Lewis Allan Reed aveva ventitré anni, altrettanti il gallese Cale, e Reed aveva già scritto alcuni dei brani che diventeranno, di li a poco, monumentali opere dei Velvet Underground. Le possiamo ascoltare, voci e chitarra, scarne, ruvide, semplicissime, in queste leggendarie registrazioni, che non sono belle ma sono avvincenti, perché ci riportano a un tempo in cui Reed pensava di poter essere e ancora non era, in cui scriveva e cantava perché solo quello gli sembrava importante, ma non aveva ancora coscienza del dove, del come, del quanto.

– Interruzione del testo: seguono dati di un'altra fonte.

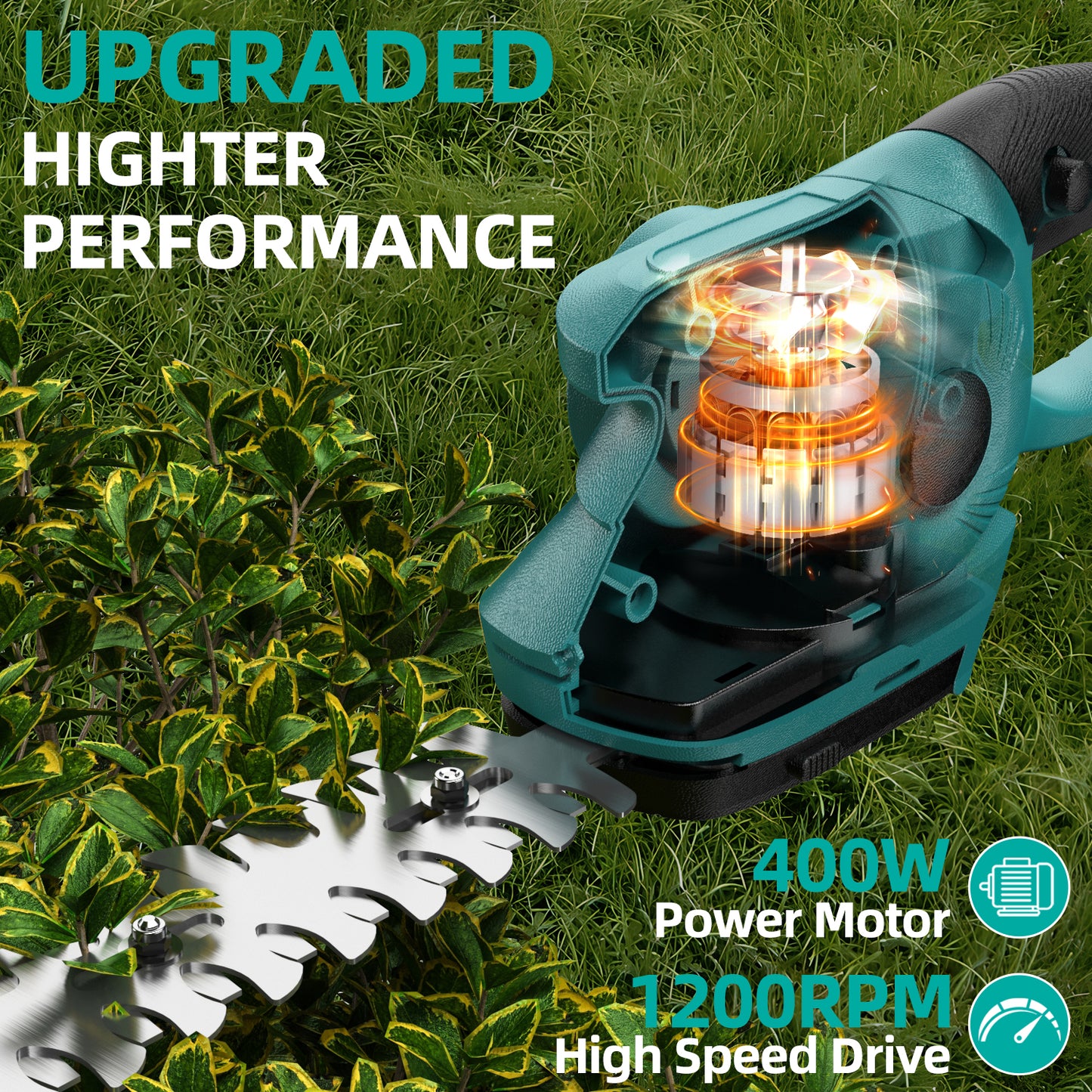 Cordless Hedge Trimmer for Makita 18V Battery(Battery not Included), 2 in 1 Handheld Hedge Trimmer with Grass Shear & Shrubbery Trimmer, 45° adjustable Grass Trimmer for Yard Lawn, Backyard, Garden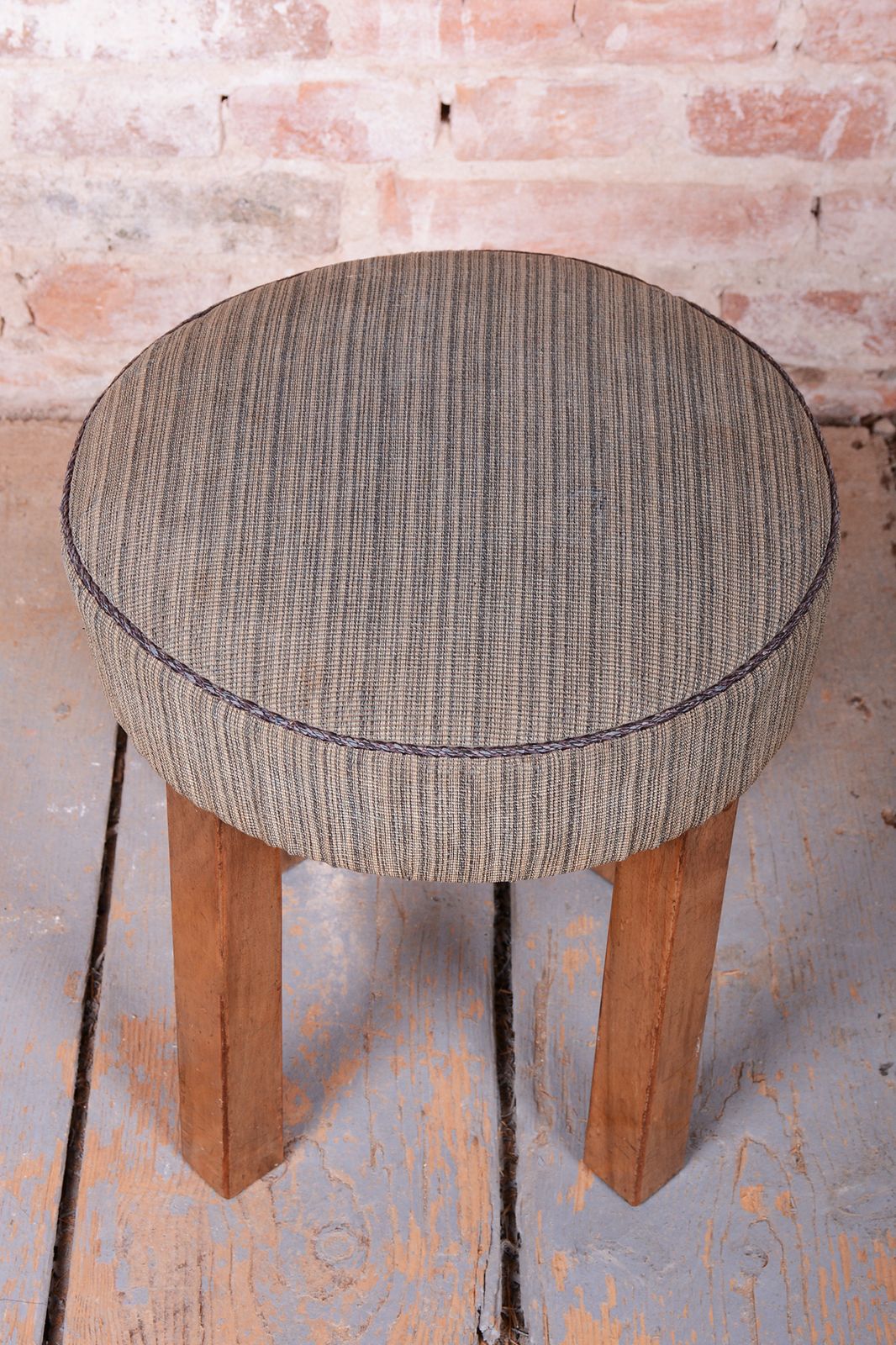 Restored Art Deco Stool, Walnut, Revived Polish, Reupholstered, Czech, 1920s photo furniture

Vogliamo dire, insomma, che le registrazioni che si aprono con il giovane Reed che dice “Words and music by Lou Reed” di quel 1965 non hanno nulla a che vedere con quello che le canzoni diventeranno con i Velvet Underground, sono i loro scheletri, sono l’essenza ma mancano del contesto sonoro e emotivo che le ha fatte diventare, appunto, monumentali. E questa assenza di contesto le rende strane, particolari, contrastanti. La leggerezza sonora di ‘Heroin’, il country folk di ‘Pale Blue Eyes’ o di una versione di ‘Waiting for my man’, Reed che sembra Dylan mentre canta ‘Men of good fortune’, sono fotografie in bianco e nero, leggermente sfocate, di quello che poi a colori acquisterà magnificenza e senso.
Ma sono vere, magnifiche, luminose, geniali e, perfettamente imperfette, tanto da commuovere. E ci fanno capire come il ventitreenne Reed sapesse già benissimo cosa voleva dire, fare e essere. “Words and Music 1965” è un affare per superappassionati, che troveranno soddisfazione in dieci demo che sono le fondamenta dell’opera intera, dieci istantanee di un ragazzo e di un suo amico che cinquantasette anni fa sognava di diventare Lou Reed.